__What to produce__
Using the data below, print exactly the line with "Blue Medieval hooded cape with green trim", the line with "WOZUTUNT serum being", and every line between them, but none of the pictures.
====
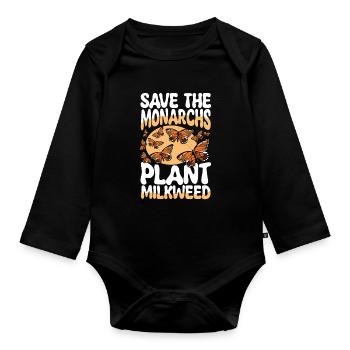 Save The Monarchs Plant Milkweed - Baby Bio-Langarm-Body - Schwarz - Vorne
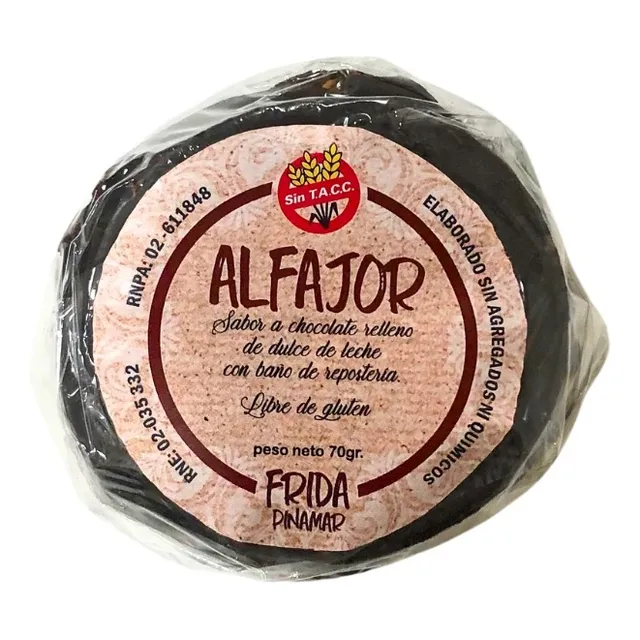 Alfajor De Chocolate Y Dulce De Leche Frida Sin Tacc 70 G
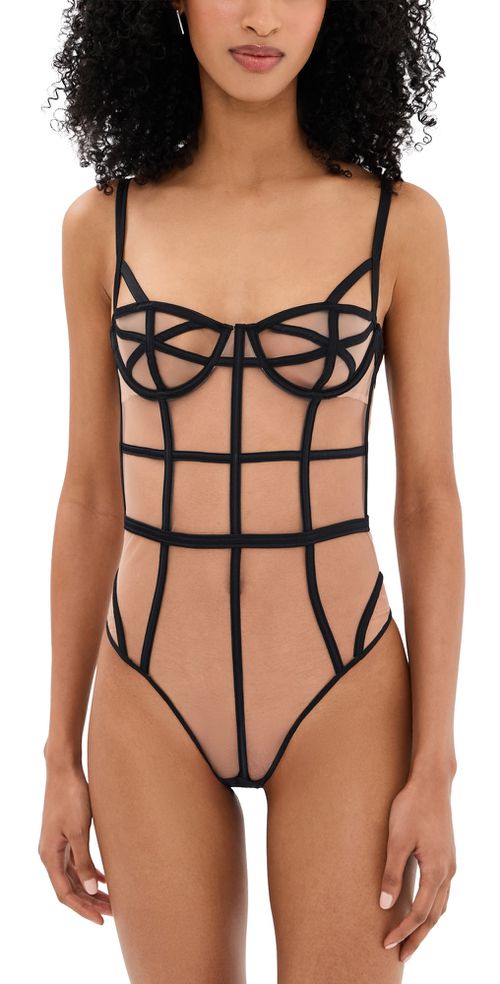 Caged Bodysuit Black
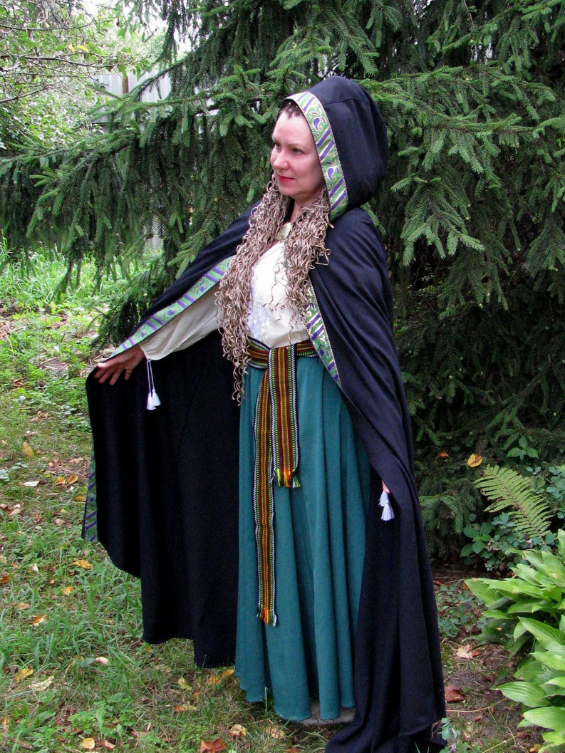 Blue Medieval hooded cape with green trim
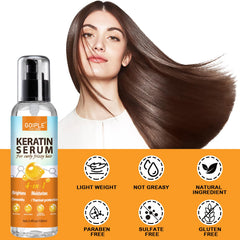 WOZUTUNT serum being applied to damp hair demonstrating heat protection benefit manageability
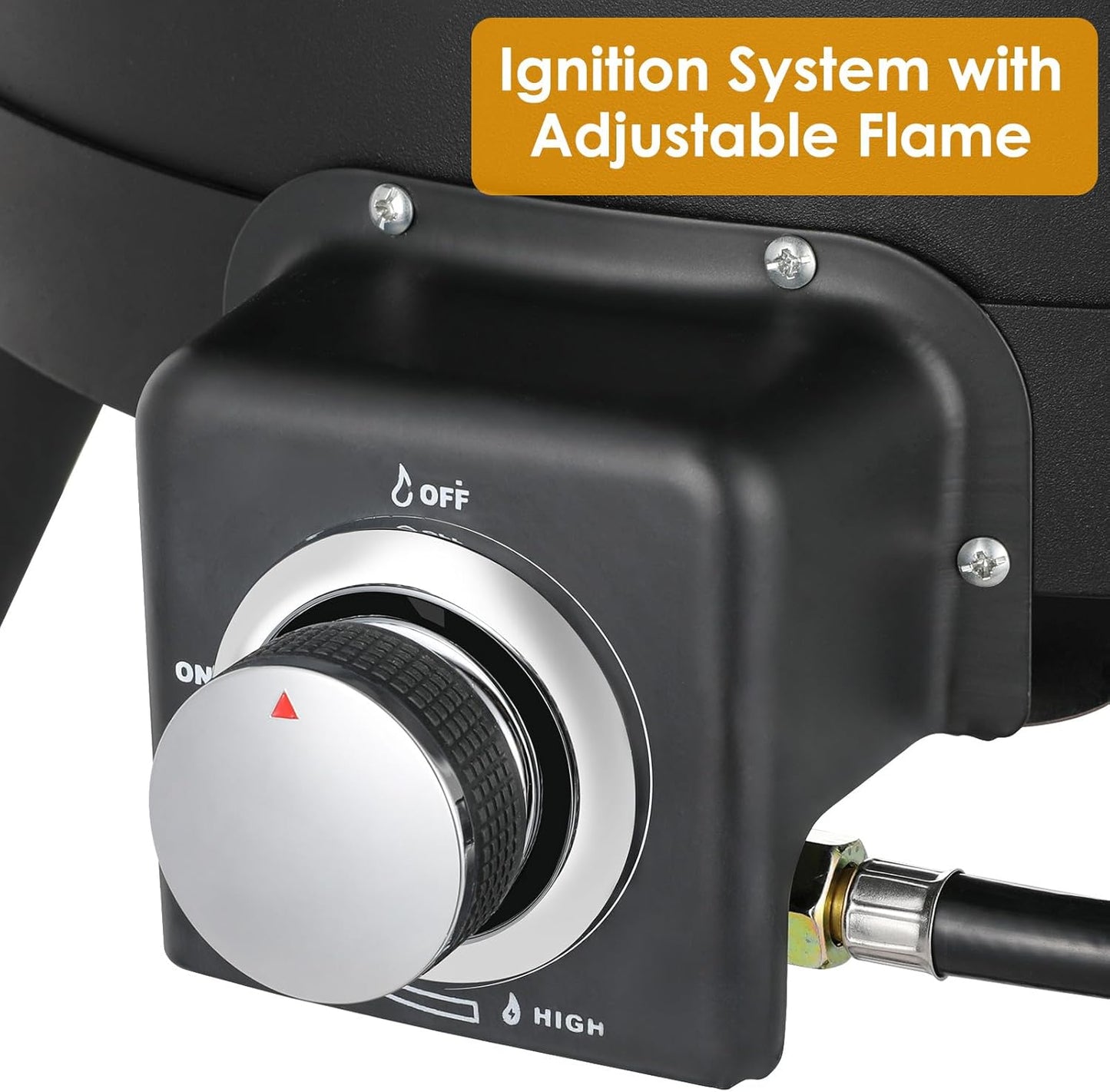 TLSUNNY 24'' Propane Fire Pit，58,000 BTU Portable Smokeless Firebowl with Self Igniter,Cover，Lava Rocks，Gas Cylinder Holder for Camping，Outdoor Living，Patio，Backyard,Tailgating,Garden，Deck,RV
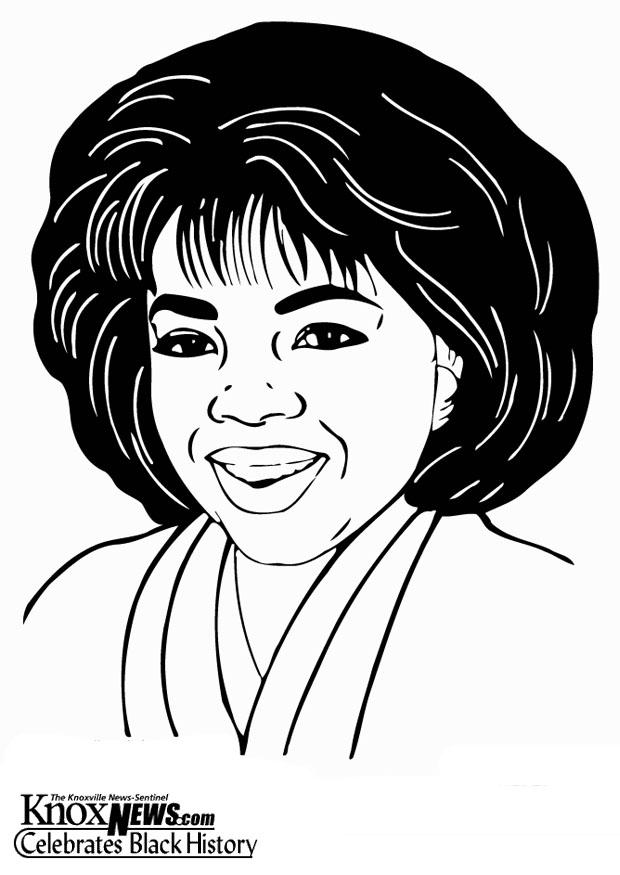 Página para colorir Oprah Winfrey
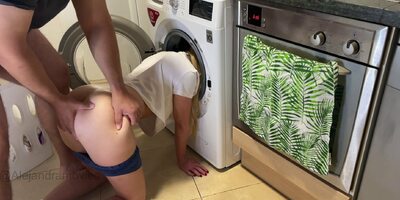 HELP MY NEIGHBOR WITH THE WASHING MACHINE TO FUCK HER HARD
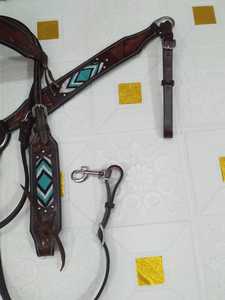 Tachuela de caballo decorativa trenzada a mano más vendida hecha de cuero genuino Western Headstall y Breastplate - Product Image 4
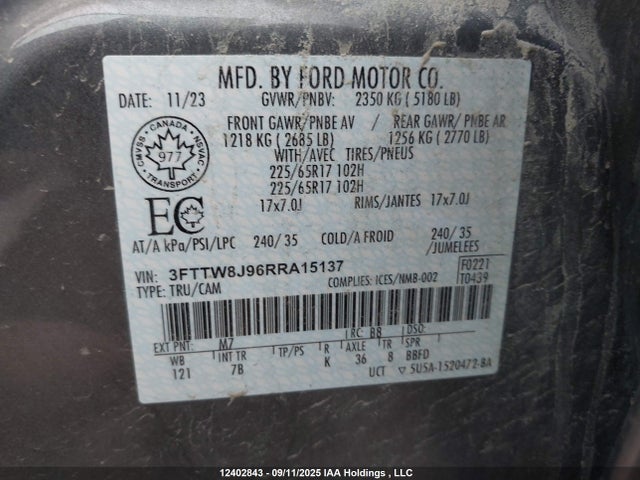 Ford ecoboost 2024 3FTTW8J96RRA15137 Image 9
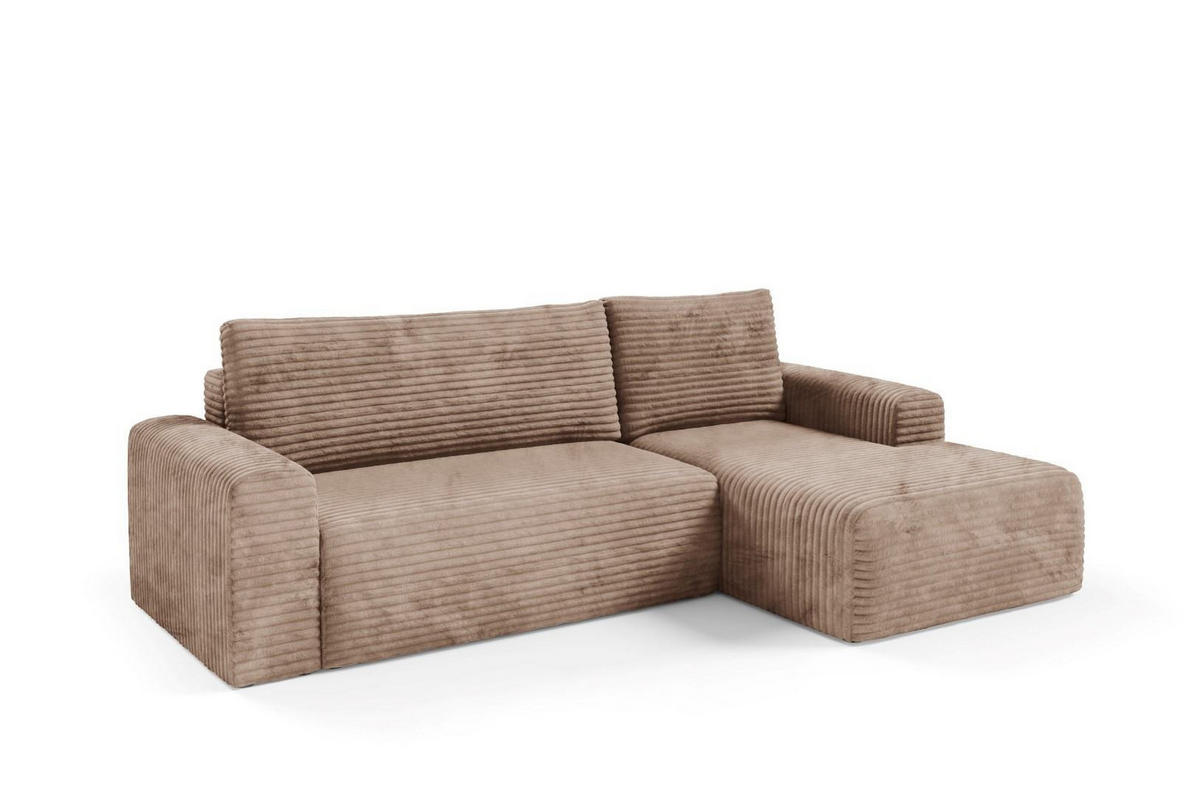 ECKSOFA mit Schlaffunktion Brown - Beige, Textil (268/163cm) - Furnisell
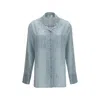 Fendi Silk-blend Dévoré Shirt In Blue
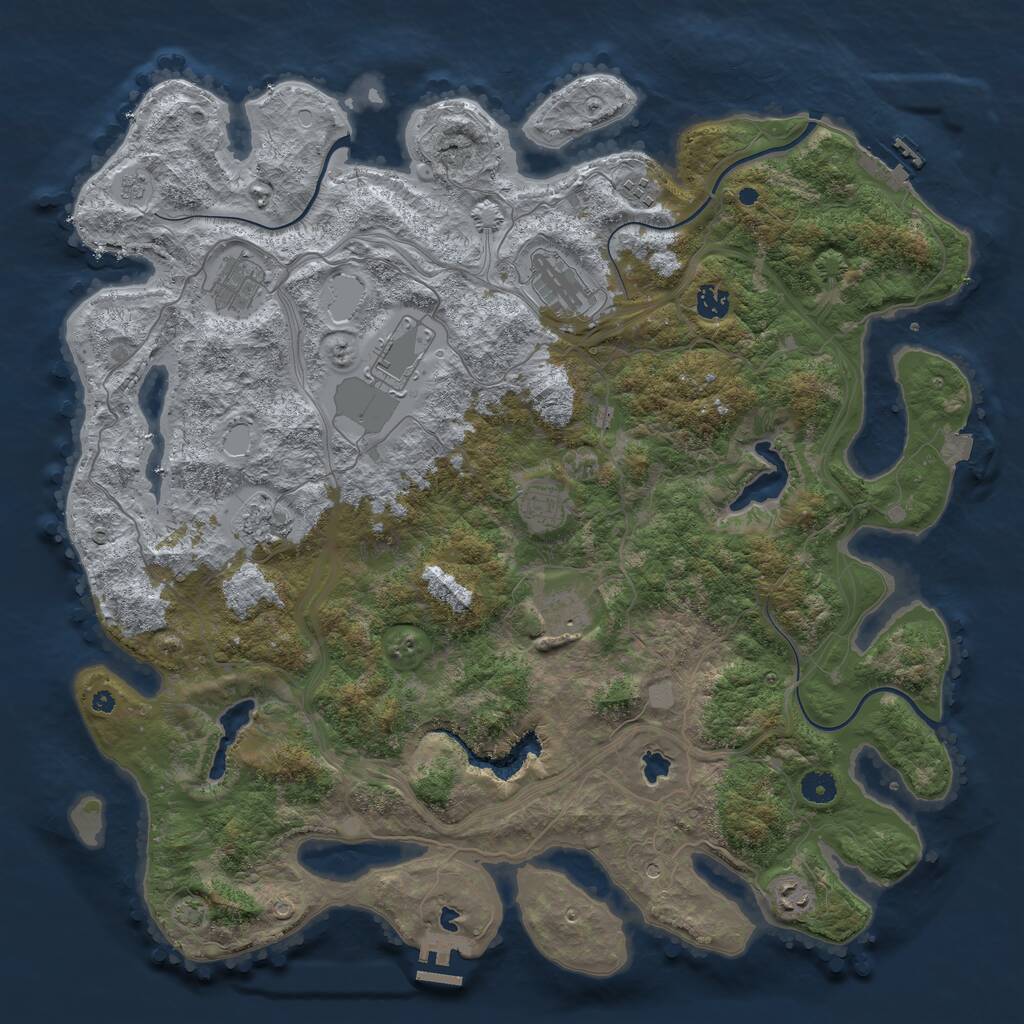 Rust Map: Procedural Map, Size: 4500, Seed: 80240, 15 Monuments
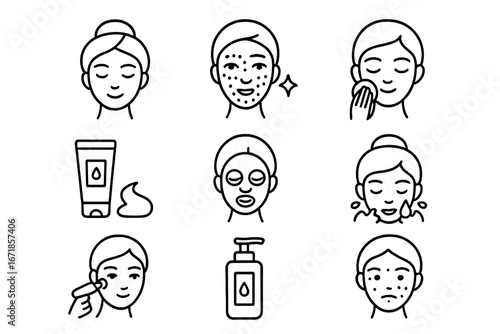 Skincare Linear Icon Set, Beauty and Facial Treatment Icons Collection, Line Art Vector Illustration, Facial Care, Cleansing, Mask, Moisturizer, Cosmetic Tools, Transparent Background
====
__Exercise solution__
 Blue Medieval hooded cape with green trim
 WOZUTUNT serum being applied to damp hair demonstrating heat protection benefit manageability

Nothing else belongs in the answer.